Sunday, September 26, 2010

An Incisive Examination of the 2008 Financial Crisis


A Film Review of 'Inside Job' and Interview with the Director Charles Ferguson

by Chuleenan Svetvilas





Inside Job tackles the financial crisis of 2008, delving into the economic policies, conflicts of interest, hubris, and greed that created this decades-long disaster in the making. Yeah, a documentary about the financial catastrophe seems like a super-boring film to sit through but this film is anything but dull. Through riveting personal interviews and plenty of facts and figures, director Charles Ferguson chronicles the intricate web of connections among the investment banks, credit rating agencies, economists, the Securities and Exchange Commission, and the Treasury Department under the Reagan, Bush I and II, and Clinton administrations.


Though the film is loaded with talking heads — everyone from New York University economics professor Nouriel Roubini (aka Dr. Doom) and former New York governor Eliot Spitzer to French Finance Minister Christine Lagarde and former Federal Reserve Board member Frederic Mishkin — it is tightly edited to keep the viewer's interest.


Ferguson asks pointed questions and it is painfully funny as well as infuriating to watch Mishkin squirm as he tries to explain whether the credit ratings were accurate and why he left his position in the midst of the economic collapse. Economist Glen Hubbard, former chair of the U.S. council of Economic Advisors under George W. Bush and now dean of Columbia’s business school, becomes very hostile and angry when asked about his financial conflicts of interest, for example not revealing that he was paid $100,000 to testify in defense of a financial company. He sneers at Ferguson, "You have three more minutes. Give it your best shot."

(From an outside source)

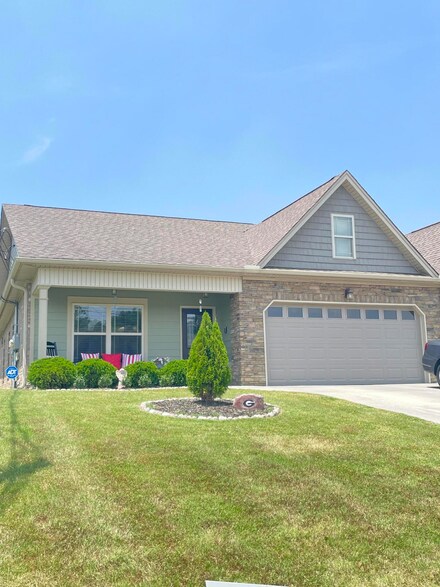75 Southshore Dr, Fort Oglethorpe, GA 30742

Narrated by Matt Damon, the film is divided into five parts: 1. How We Got Here, 2. The Bubble, 3. The Crisis, 4. Accountability, and 5. Where We Are Now. The first four sections craft a cogent argument that deregulation was at the root of the financial crisis and that there were many opportunities to lessen its impact or even prevent it from happening in the first place. The last part seems to falter, not only because it shows how the Obama administration is simply continuing the same policies as previous administrations but because the fury Ferguson raises in the previous parts is gone. It ends with platitudes. The last scene, one of city streets, ends with Damon’s voice intoning: "It won't be easy, but some things are worth fighting for."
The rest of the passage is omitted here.